Attorney General Ben Civiletti was a bit more candid. In a letter to US Senator Patrick Leahy, he said the FBI knew “it is wrong for an FBI agent to pose as a representative of the Bureau of the Census for any reason,” and had so informed its special agents. Webster subsequently put the revised policy on paper: the pretext of being a census employee shouldn’t be used, or even be requested.
Nevertheless, the public never learned whether this was an isolated occurrence or a standard procedure. And that, unfortunately, raises a nagging question. Despite any assurances, how certain are we that census information is never used by other parts of the government?

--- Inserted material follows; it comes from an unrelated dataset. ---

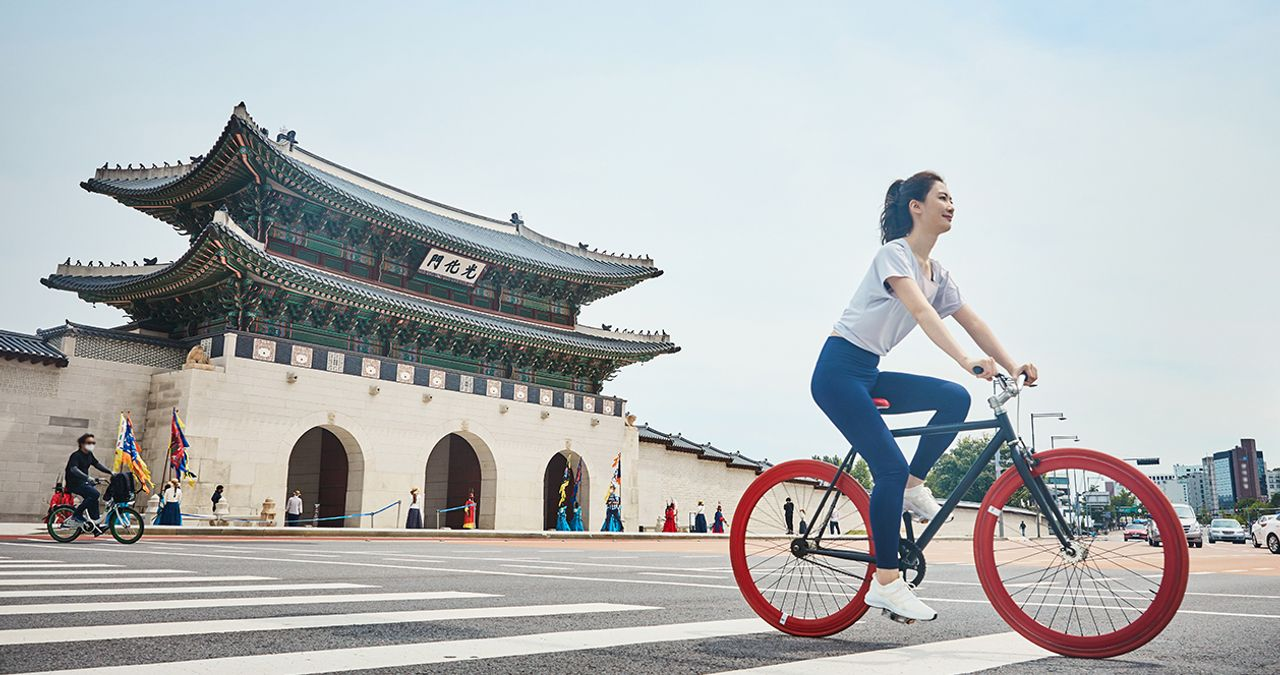 韓國首爾的光化門前，一位女士正在騎自行車，背景是傳統的韓國建築。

Given the many high-tech ways that information can be gathered these days, a visit or “pretext” phone call by a fake census worker sounds a bit labor intensive and therefore pretty unlikely. On the other hand, the Patriot Act does leave the basic issue unresolved. Section 215 of the law has made it much easier to gain access to records being held by a third party. Under the law, the FBI can force doctors, libraries, bookstores, universities, and Internet service providers to turn over information. All the Bureau needs to do is claim that the request is related to an ongoing terrorism or foreign intelligence investigation. Plus, if that happens the organization turning over the information can’t tell anyone. In other words, if census information was being used, it would have to remain secret.

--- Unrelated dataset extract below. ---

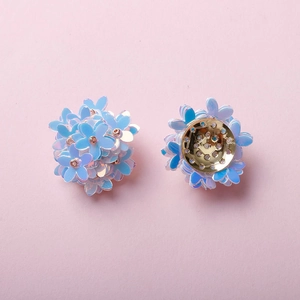 Macro view of iridescent blue woven flower charm with a golden metallic base back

To assuage fears, the Justice Department recently reassured the Asian Pacific, Black, and Hispanic caucuses in Congress that Section 215 doesn’t override federal statutes guaranteeing the confidentiality of census data. “If Congress intended to override these protections,” wrote Assistant Attorney General Ronald Weich,” it would say so clearly and explicitly.”
In addition, amendments to FISA make it necessary to get approval from a top official at either the FBI or CIA when sensitive records are being sought. In short, protections have been increased. Still, that doesn’t mean it’s impossible to get census data using Section 215. As the US Supreme Court noted in St. Regis Paper v. United States, confidentiality requirements are only binding on specific covered individuals. In other words, census records themselves aren’t off limits, as long as the government can get them from a “non-covered” individual.
Is census information completely confidential? It’s hard to say. But given the general erosion of privacy rights and the fact that the “war on terror” remains a powerful pretext for all manner of mischief, it’s not a stretch to think that even census records aren’t completely protected, especially if they can be gotten from a source other than the “designated” officials.
There’s even a name for this – Plausible Deniability. That’s when someone at the top allows an action to be taken by a third party, often a person lower on the chain of command and also less accessible. If something goes wrong, the higher up can deny any knowledge of or connection to what happened.
Not coincidentally, the term was coined by CIA Director Allen Dulles, and first came into public use during post Watergate investigations of intelligence agency abuses. You never know, with a timely pretext it could be back.